From Eliel and Eero Saarinen’s Midwest churches to Marcel Breuer’s austere concrete to the far-out experiments of Pietro Belluschi, the series is a beautiful study of how religion has long spawned many of the world’s most beautiful buildings.
“I was always in awe of how light and a few building materials like concrete, glass and wood can evoke a spiritual feeling,” says Morlinghaus, who was drawn to the beauty of churches after experiencing the “very cathedral-like feel” of Eero Saarinen’s Terminal 5 at JFK.
The structures he documented are full of vaulted ceilings, soaring cantilevers and manipulated light, all of which are meant to enrapture believers.
But Morlinghaus, who describes himself as agnostic, says he’s not trying to sell anyone on the merits of religion.

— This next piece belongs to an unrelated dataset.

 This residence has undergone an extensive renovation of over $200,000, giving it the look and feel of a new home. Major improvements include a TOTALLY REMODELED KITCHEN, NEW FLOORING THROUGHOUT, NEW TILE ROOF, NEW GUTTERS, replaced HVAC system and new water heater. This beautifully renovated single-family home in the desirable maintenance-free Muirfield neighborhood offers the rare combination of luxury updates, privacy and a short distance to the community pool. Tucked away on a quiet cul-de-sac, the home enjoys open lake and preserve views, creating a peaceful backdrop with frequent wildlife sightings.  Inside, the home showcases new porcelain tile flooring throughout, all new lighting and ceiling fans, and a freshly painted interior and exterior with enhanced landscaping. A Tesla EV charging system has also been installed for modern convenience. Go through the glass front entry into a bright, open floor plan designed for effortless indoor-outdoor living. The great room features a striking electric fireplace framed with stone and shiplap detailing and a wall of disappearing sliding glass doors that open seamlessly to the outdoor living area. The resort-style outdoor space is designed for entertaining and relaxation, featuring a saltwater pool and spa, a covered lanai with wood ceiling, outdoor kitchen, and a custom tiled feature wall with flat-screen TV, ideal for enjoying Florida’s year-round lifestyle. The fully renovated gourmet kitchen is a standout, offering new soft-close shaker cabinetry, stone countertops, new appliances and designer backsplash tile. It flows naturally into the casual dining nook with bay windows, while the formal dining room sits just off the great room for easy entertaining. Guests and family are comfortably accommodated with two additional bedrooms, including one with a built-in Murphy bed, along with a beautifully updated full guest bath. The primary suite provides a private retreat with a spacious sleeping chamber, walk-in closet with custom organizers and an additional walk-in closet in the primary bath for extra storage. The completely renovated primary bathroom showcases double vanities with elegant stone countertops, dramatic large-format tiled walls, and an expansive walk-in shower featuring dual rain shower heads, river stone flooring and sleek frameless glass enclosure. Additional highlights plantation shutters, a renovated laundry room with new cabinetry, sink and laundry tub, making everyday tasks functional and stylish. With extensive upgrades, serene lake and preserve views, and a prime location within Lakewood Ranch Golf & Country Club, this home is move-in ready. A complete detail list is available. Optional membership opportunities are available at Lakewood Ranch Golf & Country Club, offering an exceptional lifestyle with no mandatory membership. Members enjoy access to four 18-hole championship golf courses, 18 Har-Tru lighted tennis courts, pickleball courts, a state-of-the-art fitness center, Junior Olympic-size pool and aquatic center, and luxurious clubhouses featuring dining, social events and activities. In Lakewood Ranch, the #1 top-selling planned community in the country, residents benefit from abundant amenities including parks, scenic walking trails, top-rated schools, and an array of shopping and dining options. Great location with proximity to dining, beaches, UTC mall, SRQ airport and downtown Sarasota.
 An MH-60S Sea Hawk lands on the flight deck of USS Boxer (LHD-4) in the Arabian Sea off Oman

He simply wants to provide reverent and referential descriptions of the buildings.
“I try to keep my photography as distinct as I can from personal interpretations,” says the photographer, whose exposures can be as long as 45 minutes in some of the darkened cathedrals.
In all, Morlinghaus photographed 17 places of worship with his Sinar P2 8×10 large format film camera.
All but Mariendom in Neviges, Germany, are in the United States. In every case, Morlinghaus says, clergy and custodians were proud to welcome him in.
“These ecclesiastical buildings were the most accessible interiors that I ever photographed,” he says. “Rarely, have I encountered more cooperative or welcoming people.”
While photographing at the US Air Force Academy Cadet Chapel—a bustling tourist spot—the minister barred anyone from entering during Morlinghaus’ eight-minute exposure.
Of all of the houses of worship he visited, Morlinghaus’ favorite is the Thorncrown Chapel in Eureka Springs, Arkansas, designed by E. Fay Jones. It’s a monumental space that brings the forest into the church.
Initially, Morlinghaus was dissatisfied with his first photograph, but second and third attempts achieved an image that reflected the soul-stirring flood of light within. Morlinghaus’ image of Thorncrown (slide 10) is publicly shown here for the first time.
Form/Faith is not yet finished. Like the buildings he photographs, Morlinghaus wants the project to be grand. Plus, there’s much more religious architecture to be explored. “It’s time to continue and get the funding together,” he says.